## Information supplied

—————

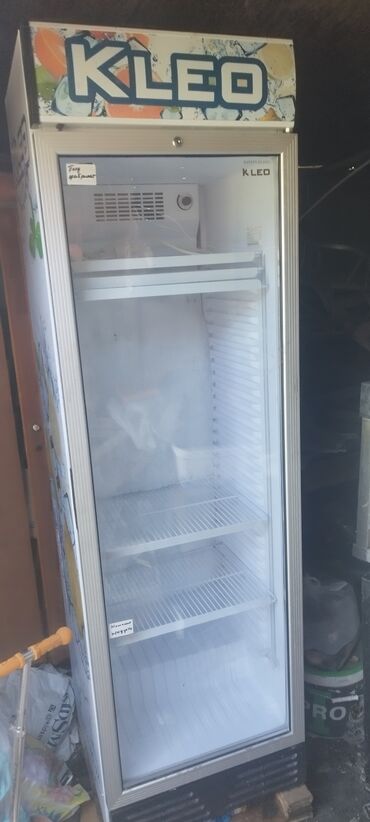 Холодильные витрины: Для напитков, Для молочных продуктов, Кондитерские, Б/у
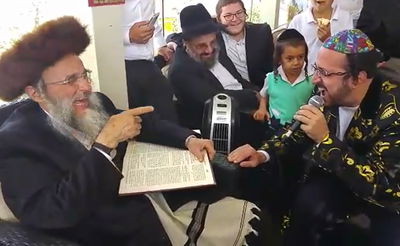 צפו: ליפא שמעלצר והרב קלמן גולדשמידט - "הני תרי בדחני"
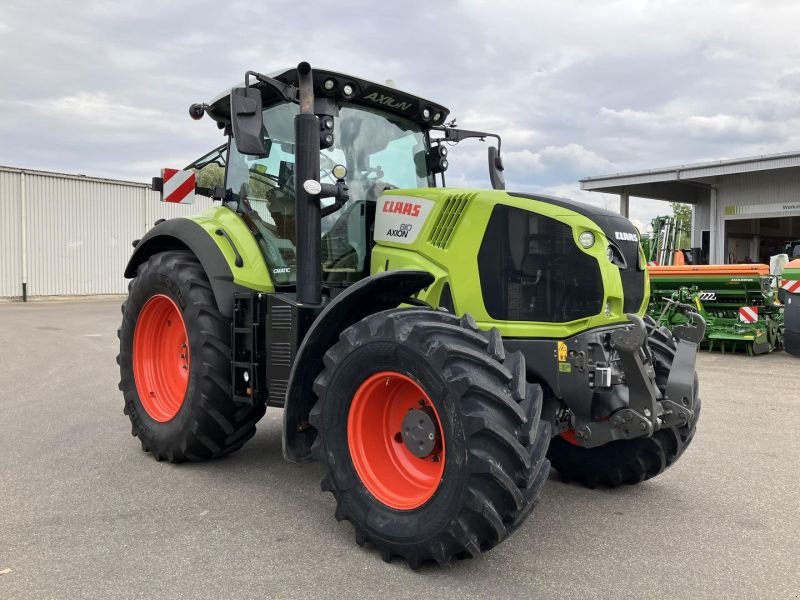 Traktor a típus CLAAS AXION 810 CMATIC CEBIS, Gebrauchtmaschine ekkor: Schwandorf (Kép 1)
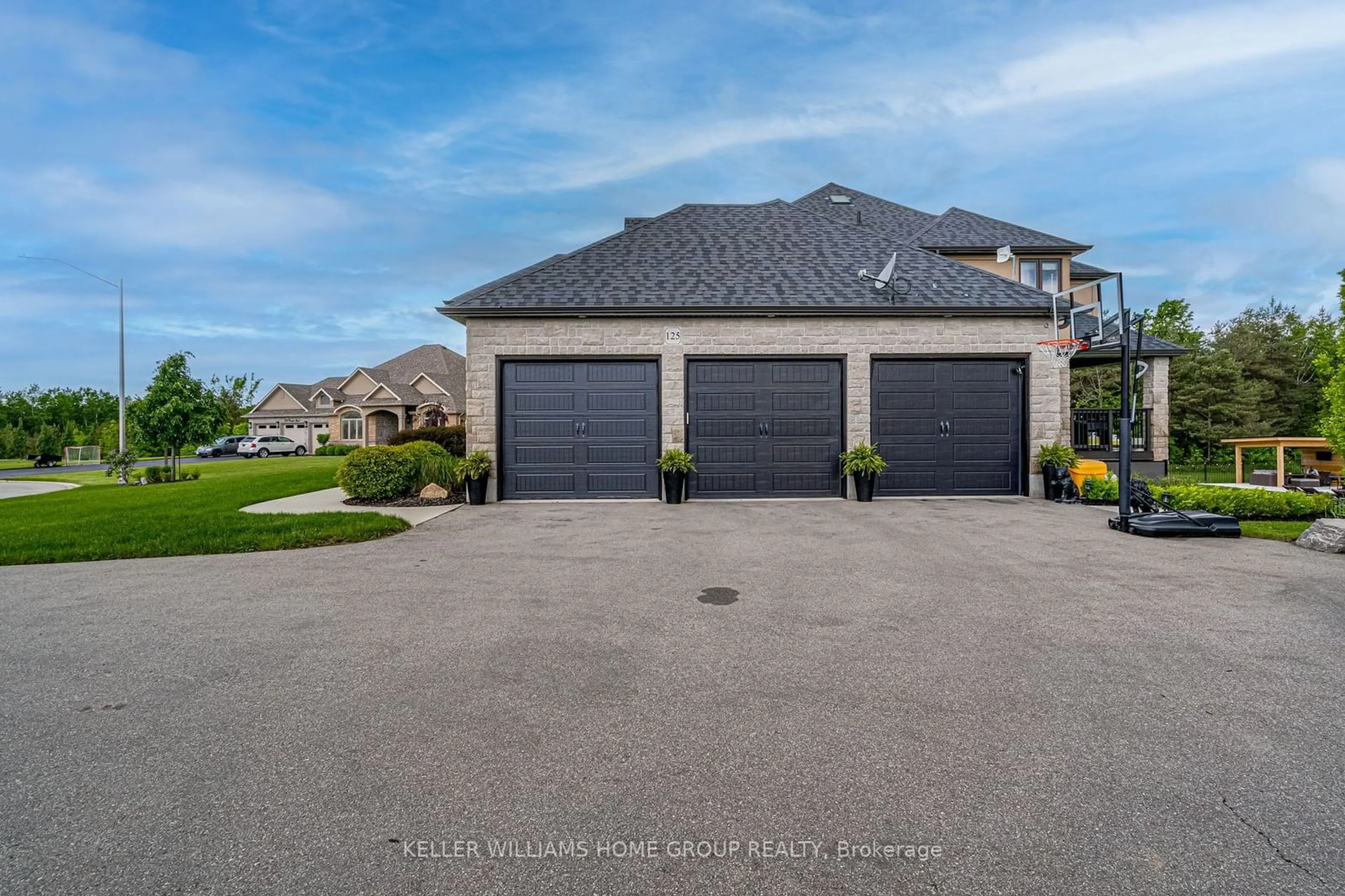 Indoor garage, cement floor for 125 Crewson Crt, Erin Ontario N0B 2K0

—————

## Directions
From the line that contains "Traktor a típus" through the last line of the listing, copy each line exactly; both end lines stay in, and pictures stay out.

## Answer box
 Traktor a típus CLAAS AXION 810 CMATIC CEBIS, Gebrauchtmaschine ekkor: Schwandorf (Kép 1)
 Indoor garage, cement floor for 125 Crewson Crt, Erin Ontario N0B 2K0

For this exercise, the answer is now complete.